* Problem
Reproduce only the lines of the material below that start at the line containing "Attractive, young brunette" and stop at the line containing "groom gently touches the face of his bride". Keep both end lines.

* Available data
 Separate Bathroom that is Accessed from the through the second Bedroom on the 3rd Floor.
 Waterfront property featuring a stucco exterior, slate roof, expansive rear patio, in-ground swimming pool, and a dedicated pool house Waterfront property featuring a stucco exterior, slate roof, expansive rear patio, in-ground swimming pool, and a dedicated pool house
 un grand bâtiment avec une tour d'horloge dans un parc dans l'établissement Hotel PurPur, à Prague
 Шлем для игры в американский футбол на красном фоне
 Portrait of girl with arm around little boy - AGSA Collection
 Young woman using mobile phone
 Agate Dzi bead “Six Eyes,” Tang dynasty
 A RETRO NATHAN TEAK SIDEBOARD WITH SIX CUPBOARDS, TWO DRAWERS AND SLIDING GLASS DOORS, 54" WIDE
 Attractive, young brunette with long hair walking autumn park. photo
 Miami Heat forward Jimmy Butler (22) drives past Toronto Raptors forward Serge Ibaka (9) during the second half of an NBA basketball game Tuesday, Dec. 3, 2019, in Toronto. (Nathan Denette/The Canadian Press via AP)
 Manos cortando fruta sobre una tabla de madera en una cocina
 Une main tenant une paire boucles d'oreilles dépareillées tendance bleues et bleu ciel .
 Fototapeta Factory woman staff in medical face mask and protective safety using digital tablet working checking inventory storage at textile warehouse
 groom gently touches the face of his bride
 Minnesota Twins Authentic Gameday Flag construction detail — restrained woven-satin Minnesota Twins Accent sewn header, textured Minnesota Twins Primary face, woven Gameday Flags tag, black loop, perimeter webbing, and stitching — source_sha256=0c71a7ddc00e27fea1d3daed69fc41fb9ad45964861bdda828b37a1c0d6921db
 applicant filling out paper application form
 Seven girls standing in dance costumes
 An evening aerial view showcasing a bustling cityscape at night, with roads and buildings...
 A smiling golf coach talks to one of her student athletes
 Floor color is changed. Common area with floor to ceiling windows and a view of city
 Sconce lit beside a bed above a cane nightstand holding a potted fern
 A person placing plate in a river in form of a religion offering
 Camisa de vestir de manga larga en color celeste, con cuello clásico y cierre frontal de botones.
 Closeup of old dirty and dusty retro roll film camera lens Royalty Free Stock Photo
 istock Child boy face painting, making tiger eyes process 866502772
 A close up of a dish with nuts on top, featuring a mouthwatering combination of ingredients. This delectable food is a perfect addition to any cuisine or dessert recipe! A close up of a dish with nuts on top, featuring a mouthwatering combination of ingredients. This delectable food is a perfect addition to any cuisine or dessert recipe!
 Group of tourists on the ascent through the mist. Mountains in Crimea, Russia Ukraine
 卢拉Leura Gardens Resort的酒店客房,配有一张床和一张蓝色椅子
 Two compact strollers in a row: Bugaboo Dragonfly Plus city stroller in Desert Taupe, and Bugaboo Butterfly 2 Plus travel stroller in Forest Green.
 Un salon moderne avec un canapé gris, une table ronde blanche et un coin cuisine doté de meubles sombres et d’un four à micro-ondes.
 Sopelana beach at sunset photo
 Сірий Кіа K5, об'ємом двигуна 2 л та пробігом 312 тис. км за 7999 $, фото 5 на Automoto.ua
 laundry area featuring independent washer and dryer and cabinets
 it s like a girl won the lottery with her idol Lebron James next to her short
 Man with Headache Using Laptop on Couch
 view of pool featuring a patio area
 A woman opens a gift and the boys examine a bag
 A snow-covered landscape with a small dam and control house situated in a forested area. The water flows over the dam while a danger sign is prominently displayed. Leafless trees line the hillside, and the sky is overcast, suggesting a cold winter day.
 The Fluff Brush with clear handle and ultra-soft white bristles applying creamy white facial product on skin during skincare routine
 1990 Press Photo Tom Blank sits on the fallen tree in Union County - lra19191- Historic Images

* Written solution
 Attractive, young brunette with long hair walking autumn park. photo
 Miami Heat forward Jimmy Butler (22) drives past Toronto Raptors forward Serge Ibaka (9) during the second half of an NBA basketball game Tuesday, Dec. 3, 2019, in Toronto. (Nathan Denette/The Canadian Press via AP)
 Manos cortando fruta sobre una tabla de madera en una cocina
 Une main tenant une paire boucles d'oreilles dépareillées tendance bleues et bleu ciel .
 Fototapeta Factory woman staff in medical face mask and protective safety using digital tablet working checking inventory storage at textile warehouse
 groom gently touches the face of his bride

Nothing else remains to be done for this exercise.